La medesima parabola è stata seguita in Italia con la complicità delle case discografiche e dei media servi del capitalismo che hanno aiutato gli MC adepti del berlusconismo a scalare le classifiche. La cosa che mi fa sorridere amaramente è che spesso questi personaggi si credono di rottura solo perché odiano lo stato e la polizia, cha a dir loro li perseguita perché hanno scelto di delinquere, come se non facesse parte del gioco, in assenza di alternative ma in realtà sono ingranaggi e agenti dello stesso invisibile governo che avversano.
Non so se sarà possibile invertire del tutto la rotta ma, credo, che solo riportando la cultura e la crescita della propria personalità (chi sei, non quello che hai) unita ad una coscienza di classe, al centro della discussione e dell’arte si potrà migliorare una situazione di abbrutimento generale che sembra in costante deperimento.

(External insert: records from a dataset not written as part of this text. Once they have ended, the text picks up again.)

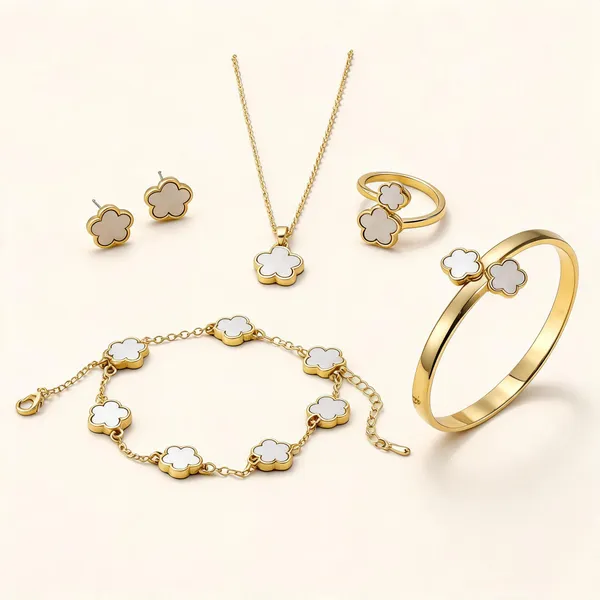 Gold_Tone_Alloy_White_Clover_Jewellery_Set_For_Women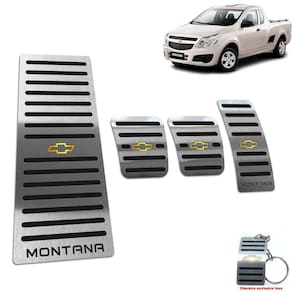 Pedaleira + Descanso Chevrolet Montana 2011 2020 Inox Preto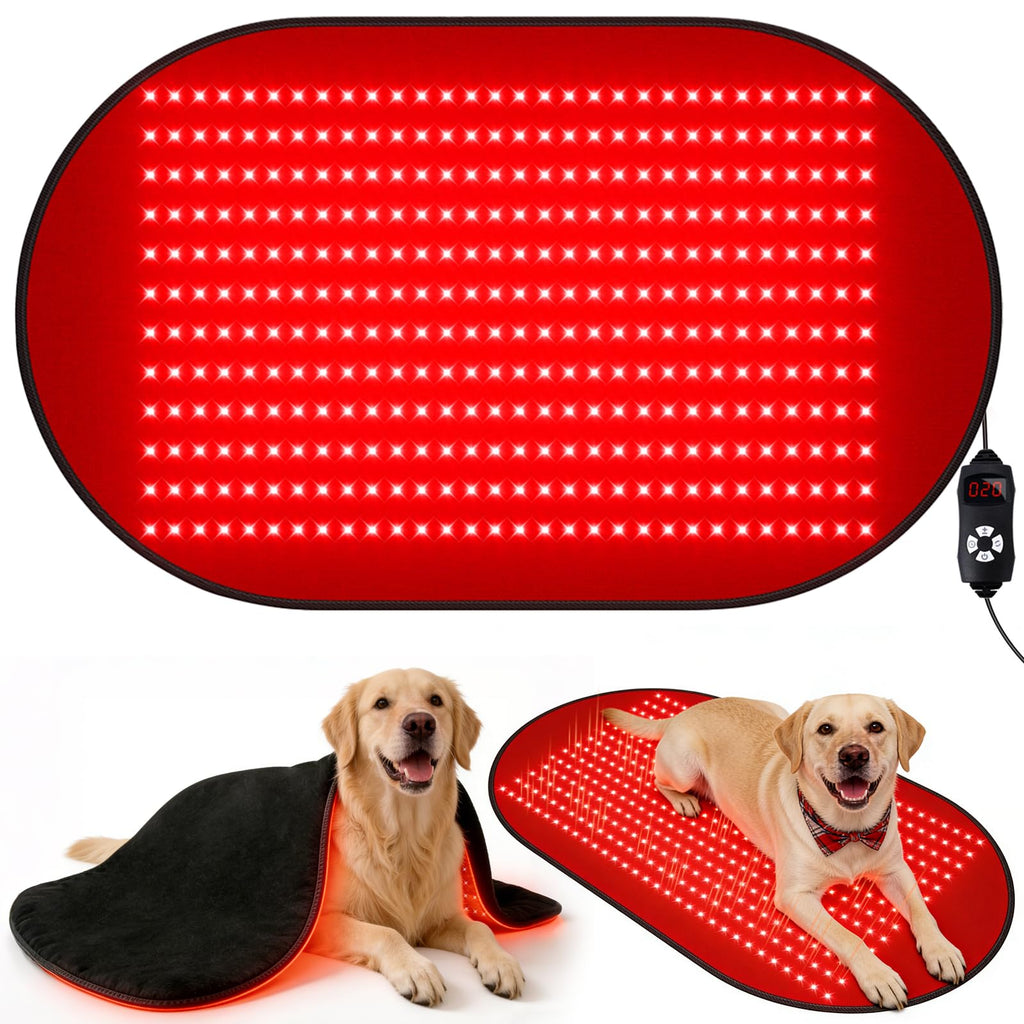 Red Light Therapy Mat for Dogs, 23.6 x 39.4 Inches Pet Light Therapy Mat, 360 LED Beads, 660nm & 880nm Light, Timer and Controller, for Dog Back, Waist, Legs Retail $119.00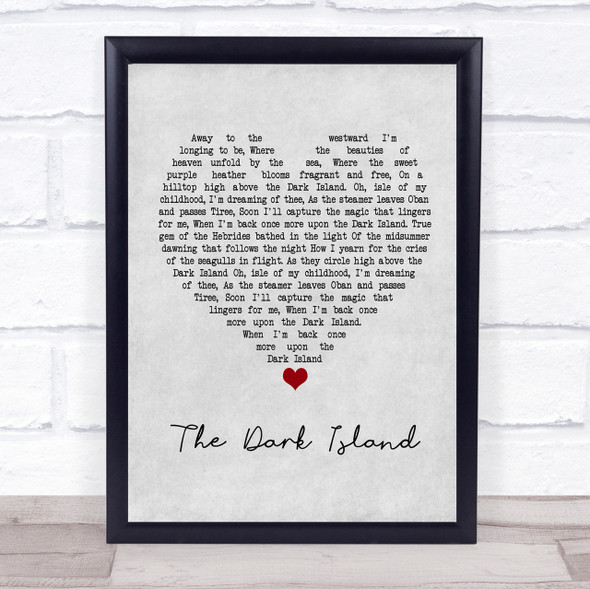 Danny ODonnell The Dark Island Grey Heart Quote Song Lyric Print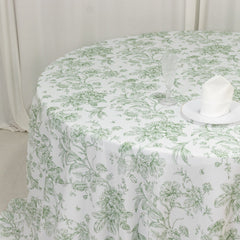 Polyester 132" Round Tablecloth White - Dusty Sage Green French Toile Pattern for Chic Weddings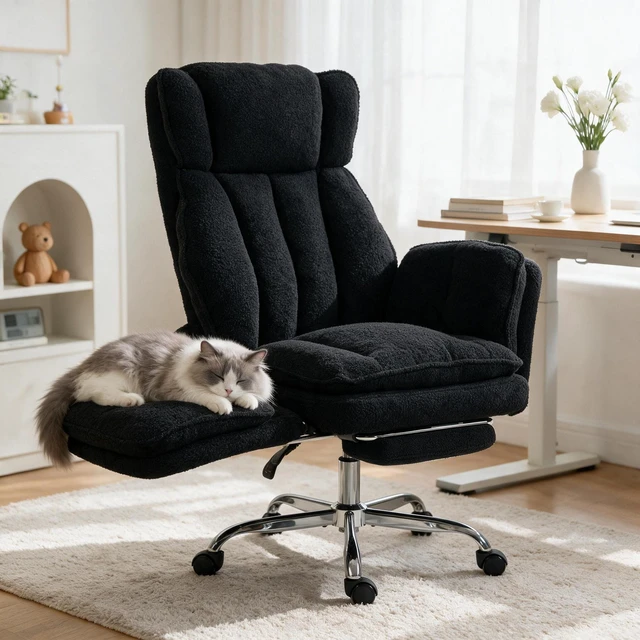 Main image of BRTHORY Flip Armrests for Pets & Cross Legged Sitting Desk Chair, Executive Ergonomic Computer Gaming Chair with Foot Rest, Teddy Fabric Big and Tall Wide Seat Reclining Office Chair (Black)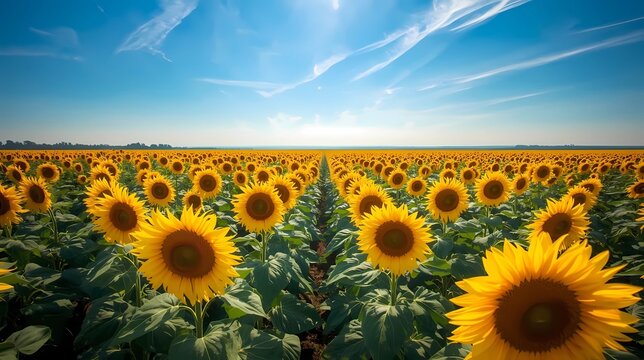 Sunflower with blue sly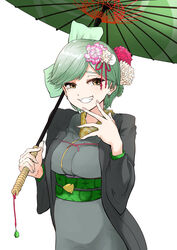  absurdres aqua_ribbon breasts earrings female fingernails flower gomesu_(gomes0343) green_hair green_umbrella grey_kimono grin hair_flower hair_ornament hair_ribbon haori highres holding holding_umbrella humanization japanese_clothes jewelry kimono marie_(splatoon) medium_breasts mole mole_under_eye obi oil-paper_umbrella pink_flower ribbon sash short_hair simple_background smile solo splatoon_(series) splatoon_2 teeth umbrella white_background white_flower yellow_eyes 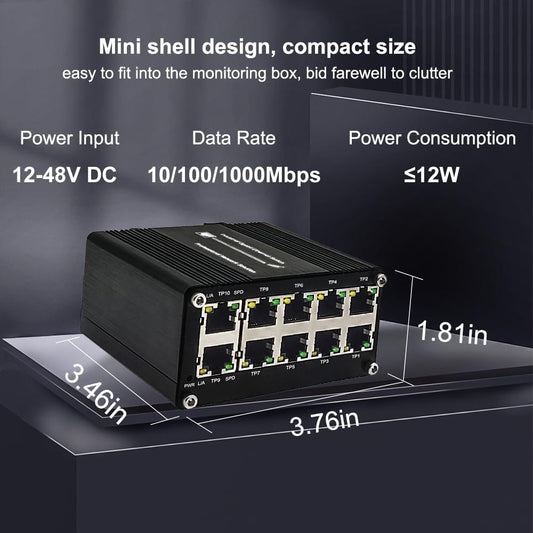10-Port Gigabit Ethernet Switch,Industrial Design with Rugged Metal Case, Plug and Play, Full-Duplex Fast Ethernet Connectivity, Unmanaged Gigabit Switch, Compact Mini Size, Din-Rail or Wall Mount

Purtroppo ho la netta sensazione che, come nei romanzi distopici più classici, la maggioranza delle persone sia assuefatta alle nefandezze che ci accadono attorno quotidianamente, avendo svenduto la propria coscienze e la propria voglia di lottare per i propri diritti, sull’altare delle comodità e dei privilegi.

Cosa vuoi che rimanga a chi ascolta questo disco? È un grido, un viaggio, una terapia: che messaggio portano le tracce di VPDS dentro chi è in cerca di identità e comunità?
Vorrei che chi ascoltasse il disco percepisse che c’è sempre una scelta, che anche dalle peggiori situazioni ci si rialza, che nei posti più difficili si può crescere, elevarsi e rinnovarsi, che dalla notte più buia sorge l’alba più luminosa.
Che dalle proprie convinzioni e sicurezze nascono i successi, che non si misurano in guadagni ma in sorrisi e belle sensazioni.
Che il Rap è bellissimo quando comunica e che la realizzazione non la si trova nell’arrivare all’obiettivo ma nel compiere il viaggio per raggiungerlo.
Che questo viaggio è più bello quando lo si fa in compagnia e che non bisogna temere né lo scontro né il confronto.
Vorrei che si raggiungesse quella V-I-T-T-O-R-I-A che le iniziali dei titoli formano, ma non per la gloria temporanea, ma per sé stessi e per chi ci/si ama, in primis se stessi perché senza un equilibrio personale e il riconoscimento del proprio valore non è possibile rispettare gli altri e stabilire rapporti sani.